Could you briefly describe A Nation without Borders? What’s new about your approach to the familiar story of the Civil War?
A Nation without Borders is a history of the United States roughly between 1830 and 1910. Thematically, it focuses on the relation between nation and empire in American development, and attempts both to cast this history in a broad international context (it begins and ends in Mexico) and to more fully integrate the history of the trans-Mississippi West and of Native populations there into the story. It argues that the United States began as a “union” and empire with a loose center and only became a “nation” as the federal government confronted an assortment of rebellions during the first half of the nineteenth century—of Native Americans, settler colonialists, filibusters, Mormons, and, most prominently, slaveholders—and defeated them. The War of the Rebellion was of course the largest of these but we may also think of “wars of the rebellions” during this period. A Nation without Borders sees what we call “Reconstruction” fundamentally as a state-building project (with important imperial features) linking the South, West, and Northeast and argues that capitalism did not gain a dominant foothold in the United States until the post-Civil War era, with special dynamism in the trans-Mississippi West and international initiatives that the war made possible. The book explores “alternative paths” fueled by anti-monopoly political traditions and the social democratic impulses that emerged out of them and that together helped create a major social crisis by the end of the nineteenth century. A Nation without Borders concludes with a lengthy treatment of several “reconstructions” of the late nineteenth and early twentieth centuries (which we have called progressivism) and with the Mexican Revolution of the 1910s.
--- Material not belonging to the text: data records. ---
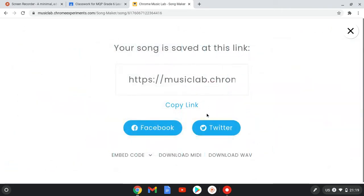I'm going to save, and the great thing is it generates this link. All you need to do is click copy link.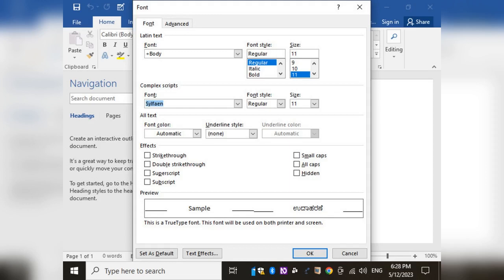Alt+H is for the Home tab, F is for Font group, and the second F is for Font type. Press Alt+H, F, F — this opens the Font combo box in the Font grouping.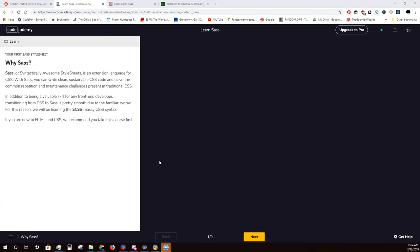Why SASS? SASS, or Syntactically Awesome Style Sheets, is an extension language for CSS. With SASS, you can write clean, sustainable CSS code and solve the common repetition and maintenance challenges present in traditional CSS. In addition to being a valuable skill for any front-end developer, transitioning from CSS to SASS is pretty smooth due to the familiar syntax. For this reason, we'll be learning the SCSS, or Sassy CSS, syntax. If you're new to HTML or CSS, we recommend you take that course first.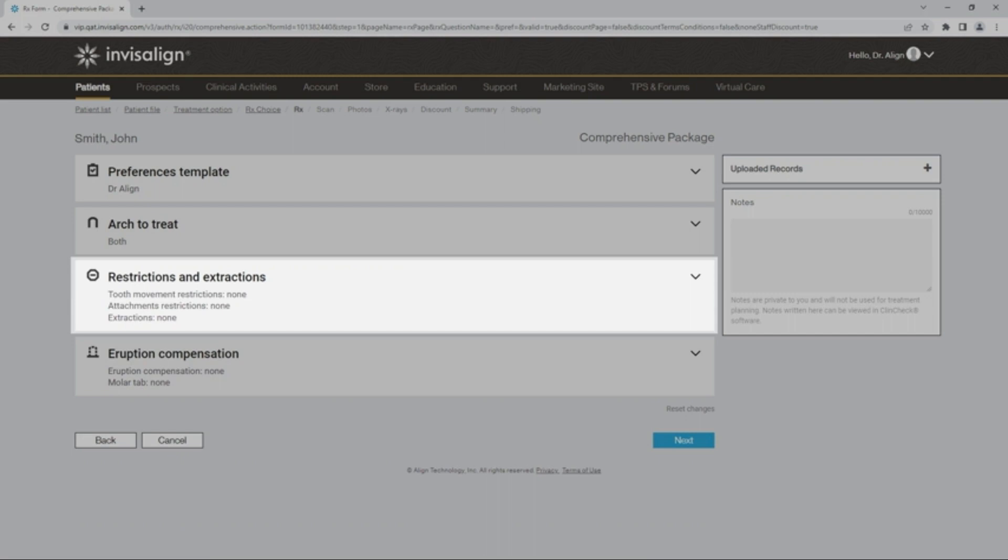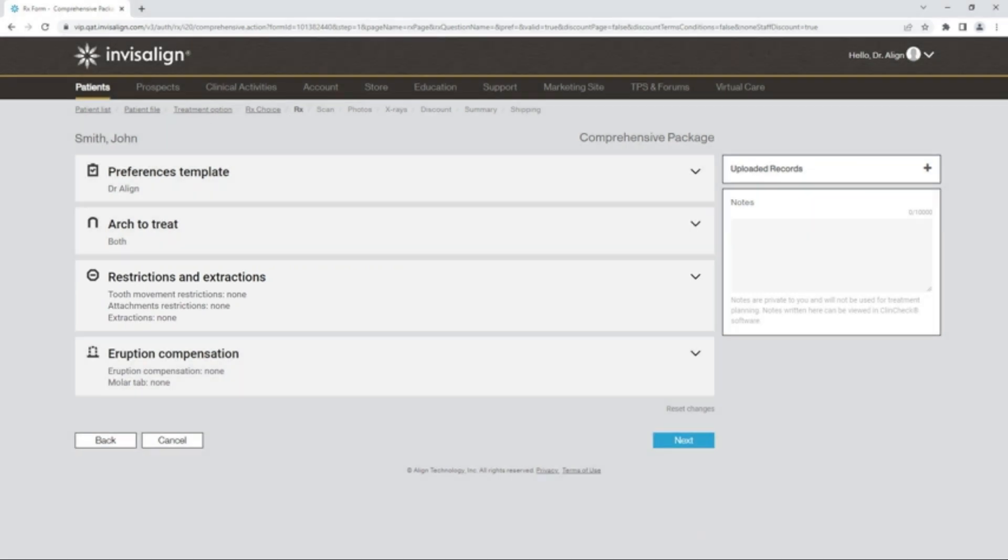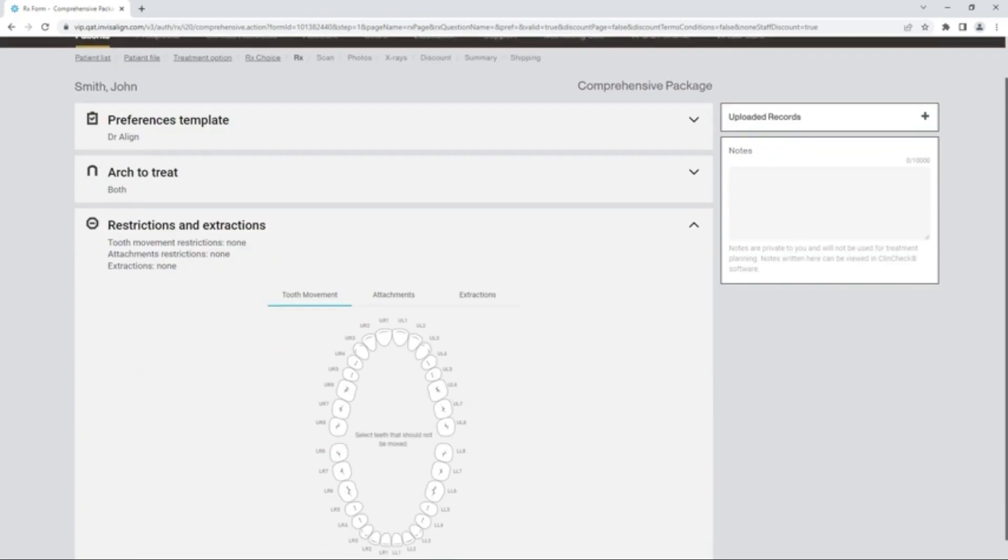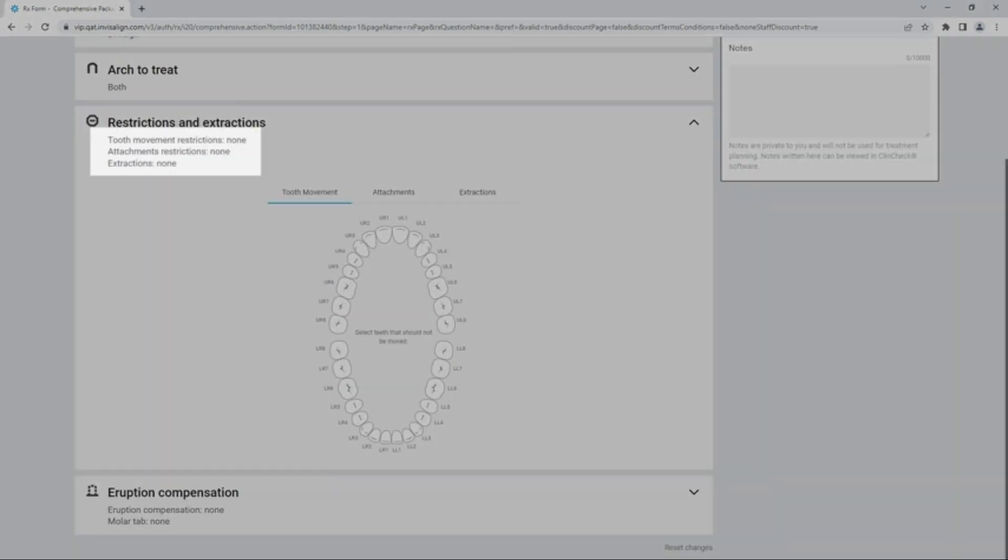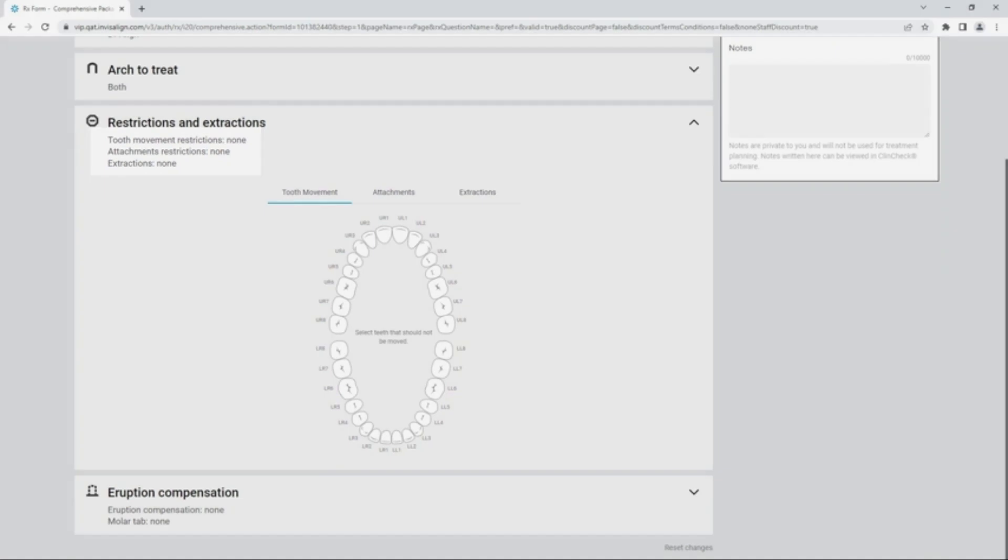The third section allows you to select restrictions on movement and attachments as well as determine extractions. As you open the section, you will notice that the default for this section is None for movement, attachments, and extractions. In this example, no movement has been selected for Upper Right 5 and Upper Left 5.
One of the new aspects in my approach to the coming of the Civil War is a shift in our focus from sectionalism (North/South) as the main axis of political conflict to a struggle between the Northeast and the Mississippi Valley for continental (and possibly hemispheric) hegemony. I develop this argument by demonstrating that slavery was national, that sectionalism was a “political construct,” and that the alliance among Mississippi Valley Democrats imagined an agro-commercial empire extending into the Caribbean, Mexico, much of Latin America, and of course the trans-Mississippi regions of North America. The crumbling of this alliance paved the road to the slaveholders’ rebellion and the war, while the new Republican party began to craft a language and construct of “nation” and “nation-state” which the War of the Rebellion and Reconstruction brought into being.
What initially drew you to your topic?
I was drawn to the topic, first, by an invitation to contribute a nineteenth century volume to the multi-volume Penguin History of the United States but also by a growing interest in putting the South (my field of specialization) and the West into more dynamic relation. I had been thinking about different approaches to the slave emancipation process, taking account of important work on the eighteenth and early nineteenth centuries, and about the coincidental suppression of Native peoples, especially on the Plains and in the Southwest. I had also been increasingly interested in Mexico and especially in the making of the Mexican Revolution, one of the great and transformative events of the twentieth century, which is generally ignored by historians of the United States.
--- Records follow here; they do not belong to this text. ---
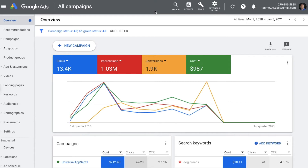Hi guys, welcome to another session of StudyBBC. Today we are going to look at how to create a display campaign with content targeting. Content targeting is a feature in Google Ads which helps you to target websites based on their website content. So we'll see how to create this campaign. Let's begin.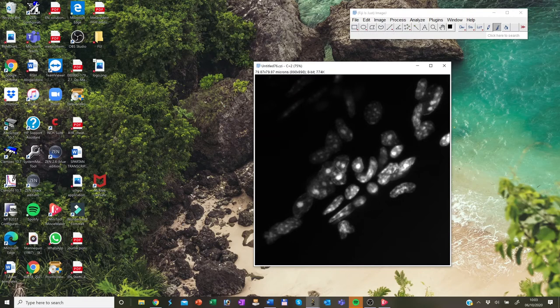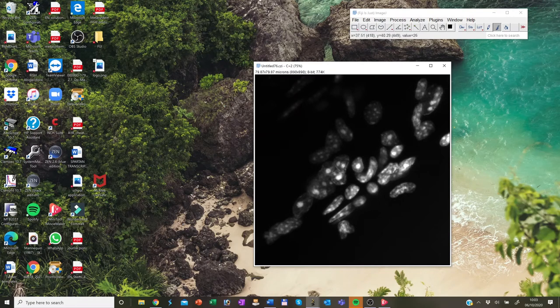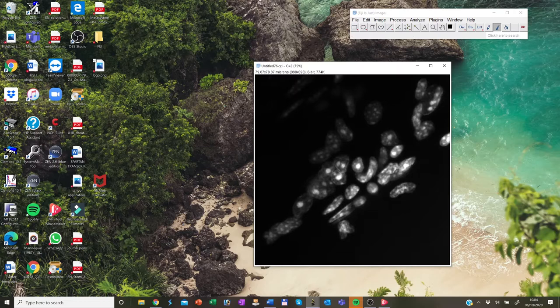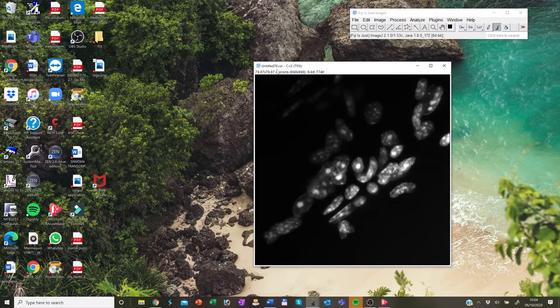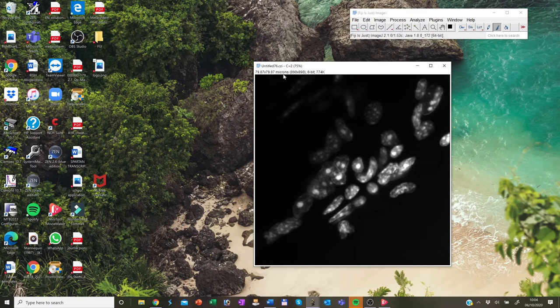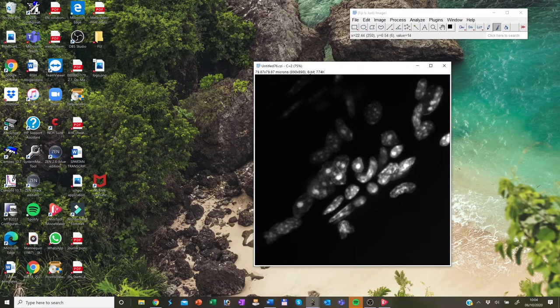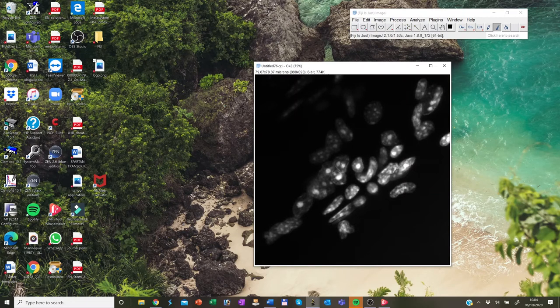And this is between 0 and 255 if it is an 8-bit image. And if you see, if you move the mouse, you see this value changing. Further information is displayed in the image window where you can see the real resolution if the scale bar is set. If not, then you see the pixel resolution, you see the image type and also the memory required by the image.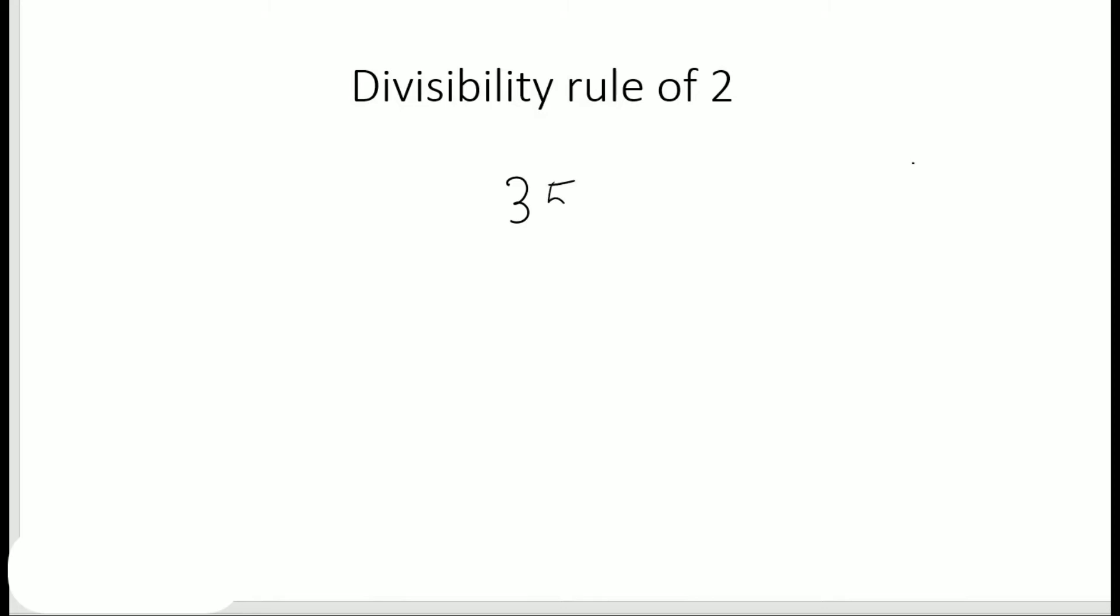So let's say I have the number 357. Seven is at ones place, five is at tens place, three is at hundreds place. So this place is very important - the ones place or the units place.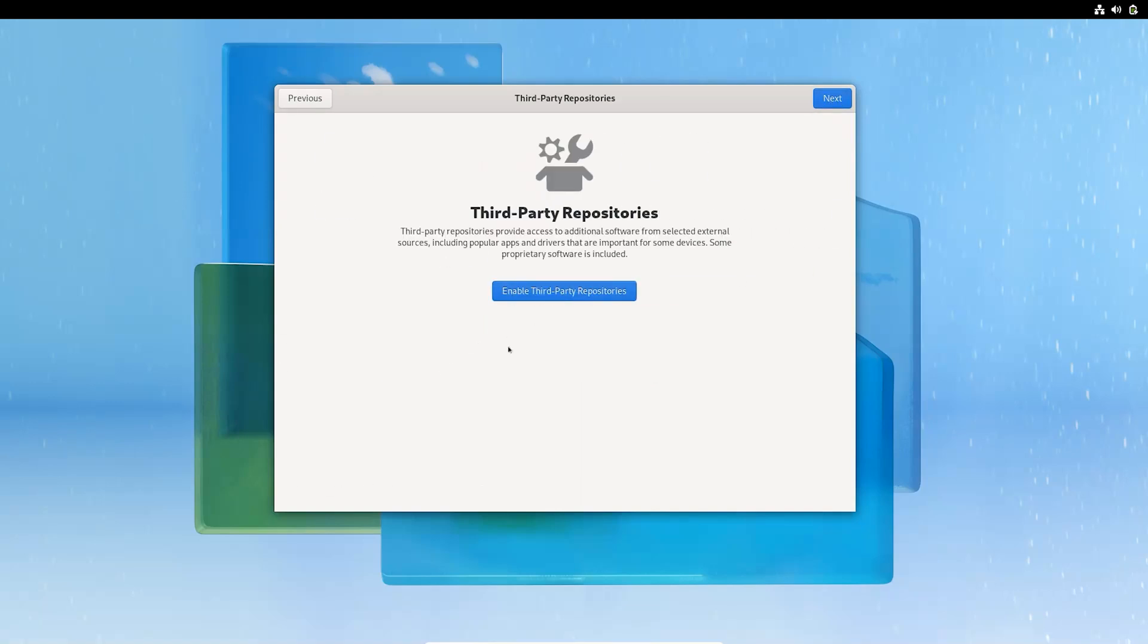Make sure you enable the third-party repositories. Enabling the third-party repositories allows easy installation of the following software: Google Chrome, PyCharm, a Python IDE, NVIDIA graphics drivers, and some other software too.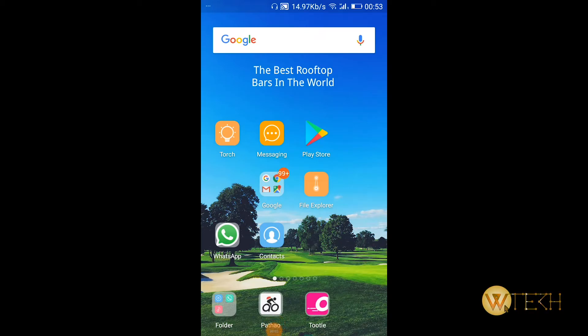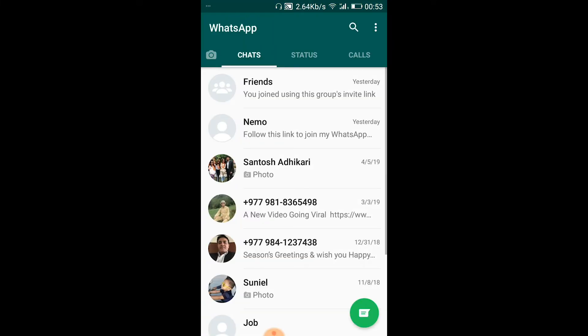Hello guys, welcome to our channel. On today's video I'll show you how you can change the email on your WhatsApp account or WhatsApp application. So let's get started — open your application. For that you need to enable the two-step verification, and that's what I'm going to show you guys.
How does a broader geographic context unsettle historians’ narratives about the transformation of the United States during the long nineteenth century?
I’ve wondered for a long time what the history of the United States would look like if it were told as much from the perspective of the South and West—what we have come to call “regions”—instead of from the Northeast, which we generally regard as the “center” or “core.” For one thing, such a project more clearly links the North American continent to other parts of the hemisphere and the world (it was the Northeast, not the South or West that was truly “distinctive” or “different”). It also helps us see a much larger cast of actors and more complex dynamics for the country’s political/economic development, while recognizing the geo-political contingency of that development. It also draws the Atlanticist orientation of much recent historical literature—at least for the seventeenth through nineteenth centuries—into some question, and compels us to take a closer look at the Pacific.
What can your book tell us about American identity in the nineteenth century?
A Nation without Borders doesn’t devote much space to the development of American “identity” per se but does suggest a lengthy process of cultural formation in which what it meant to be American was often deeply contested. Identities having to do with particular geographic/ethnic communities, with social class, with ideas of race and gender, with political dispositions, and with imagined relations to the past and future formed part of this mix and lent great intensity to social and political struggles.
Did anything in particular surprise you while researching or writing this book?
Research and writing usually bring surprises with them, and I was continually struck by how frameworks that have governed the pursuit of American history were regularly confounded by the evidence that was supposed to support them. I struggled with this as I attempted to construct my own account and am left to wonder what sort of traction it will have.
What do you hope the book accomplishes?
My hope for the book is that it will advance a conversation that has been taking place for some time about the dimensions and the significant actors in the history of the United States.